** Problem **
All of the data, except its images, should be set down exactly as it appears.

** Exercise data **

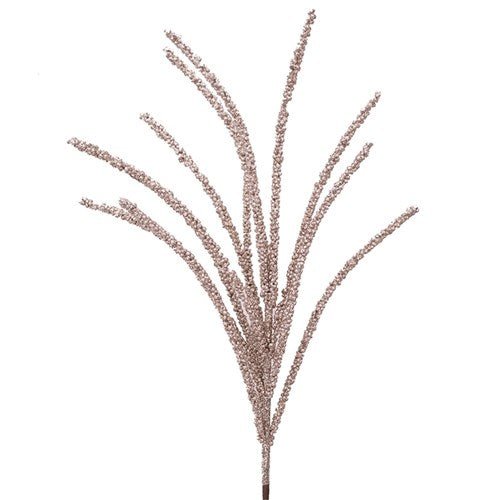 Champagne Glitter Branch Spray - My Christmas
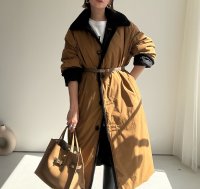 ●期間限定●ご予約10倍ポイント●【4/11LIVEアイテム】ボアトリムリバーシブルダウンコート（予約/9-10月）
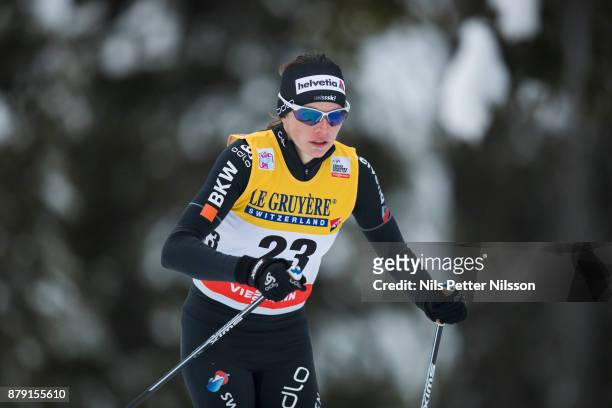 Nathalie Von Siebenthal of Switzerland during the ladies cross country 10K classic competition at FIS World Cup Ruka Nordic season opening at Ruka...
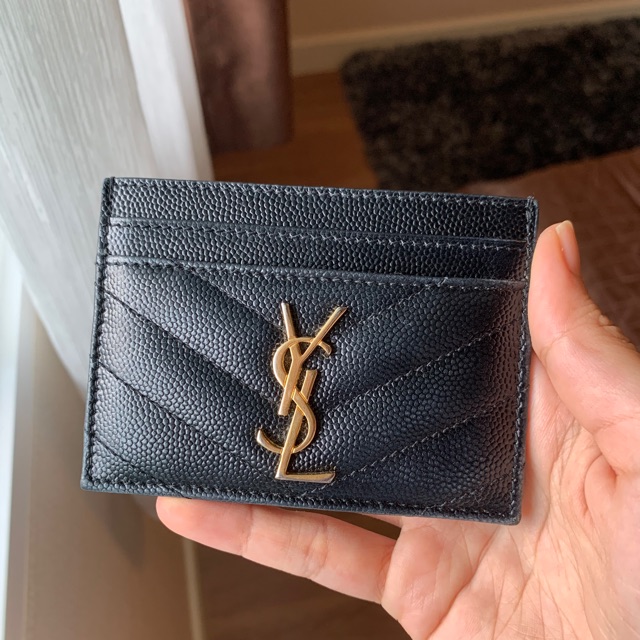 Cardholder ysl แท้ 1000% มือ 2 สภาพ 98% ซื้อปี 2018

** Solved exercise **
 Champagne Glitter Branch Spray - My Christmas
 ●期間限定●ご予約10倍ポイント●【4/11LIVEアイテム】ボアトリムリバーシブルダウンコート（予約/9-10月）
 Nathalie Von Siebenthal of Switzerland during the ladies cross country 10K classic competition at FIS World Cup Ruka Nordic season opening at Ruka...
 Cardholder ysl แท้ 1000% มือ 2 สภาพ 98% ซื้อปี 2018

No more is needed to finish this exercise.